> _WHAT TO WORK ON_: Could you reproduce every entry as it stands, leaving the pictures behind?

> _MATERIAL TO PROCESS_:

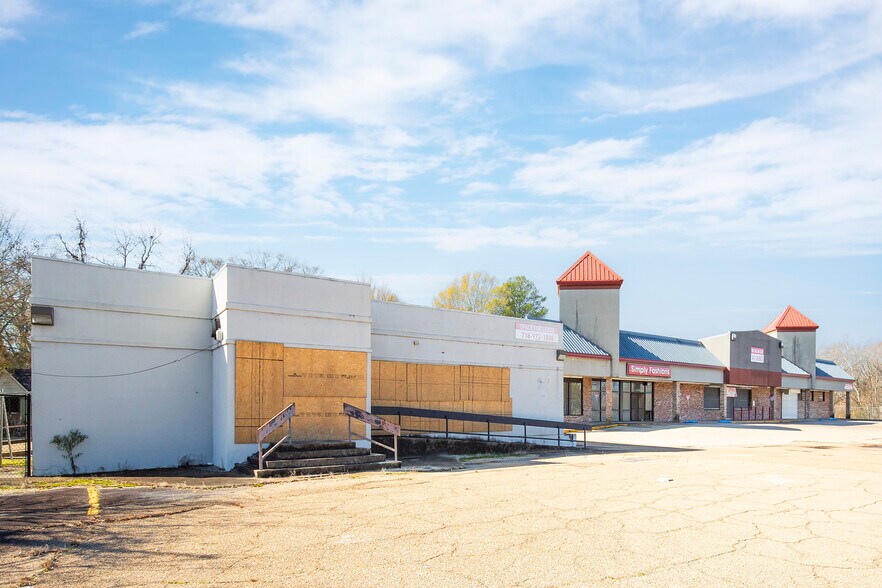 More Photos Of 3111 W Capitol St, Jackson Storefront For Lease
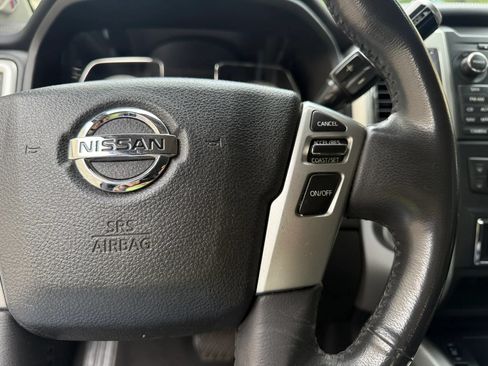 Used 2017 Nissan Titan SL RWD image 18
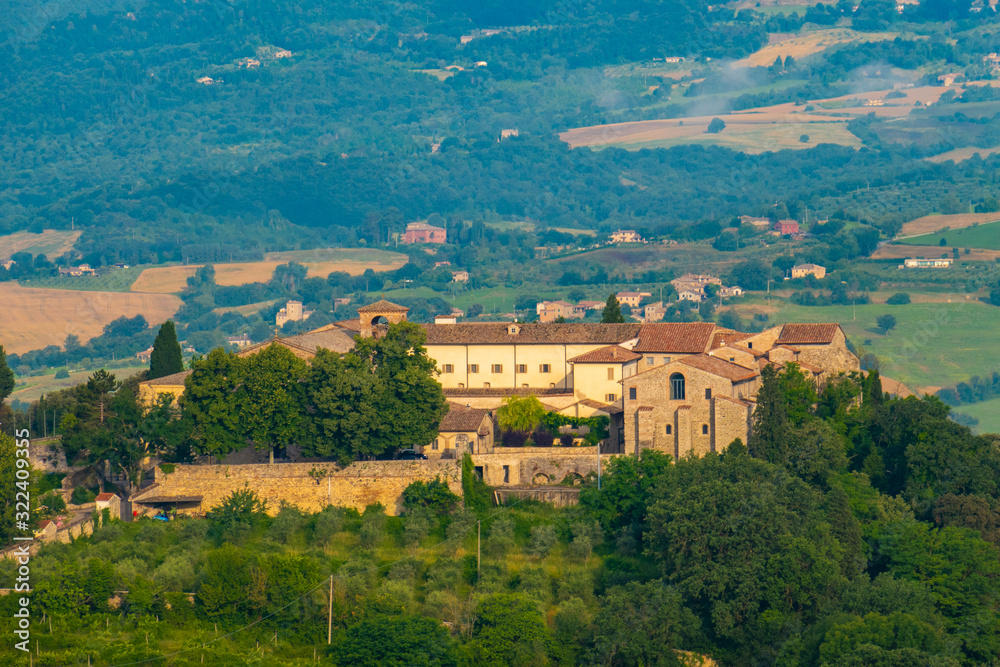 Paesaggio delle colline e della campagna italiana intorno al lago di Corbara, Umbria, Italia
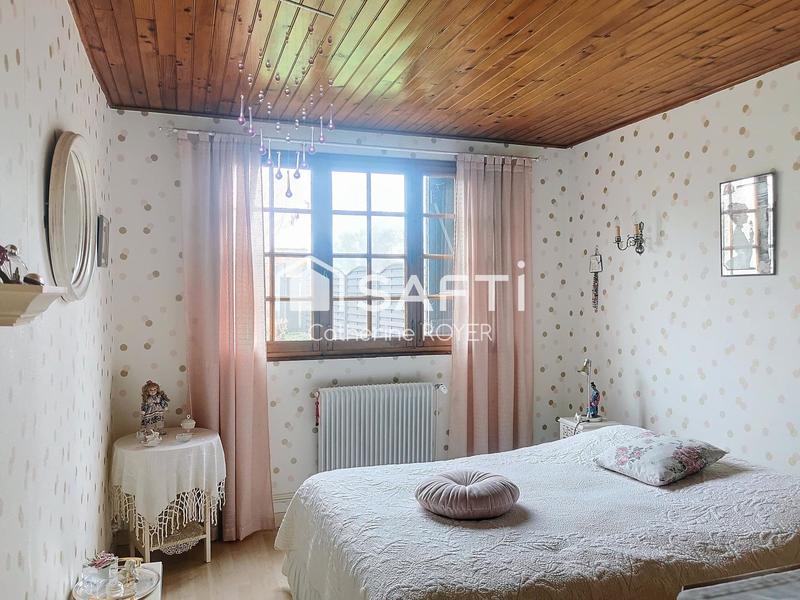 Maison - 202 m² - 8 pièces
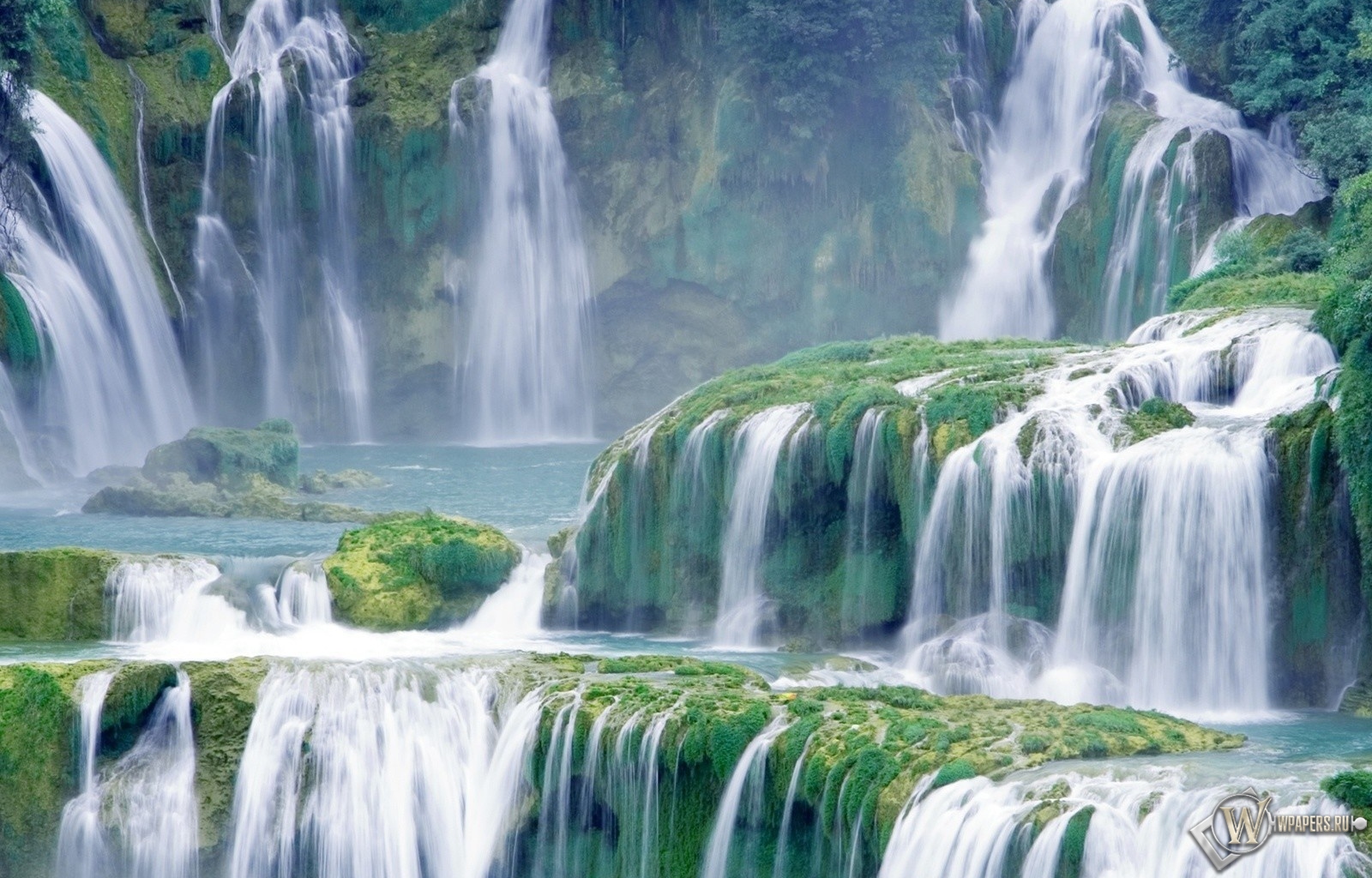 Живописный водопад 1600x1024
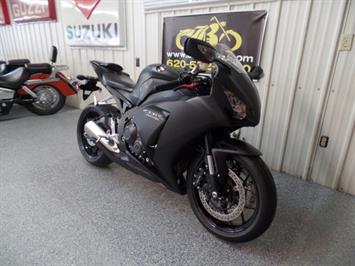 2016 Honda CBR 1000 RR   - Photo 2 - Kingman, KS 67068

> _FINAL ANSWER_:
 More Photos Of 3111 W Capitol St, Jackson Storefront For Lease
 Used 2017 Nissan Titan SL RWD image 18
 Paesaggio delle colline e della campagna italiana intorno al lago di Corbara, Umbria, Italia
 Maison - 202 m² - 8 pièces
 Живописный водопад 1600x1024
 2016 Honda CBR 1000 RR   - Photo 2 - Kingman, KS 67068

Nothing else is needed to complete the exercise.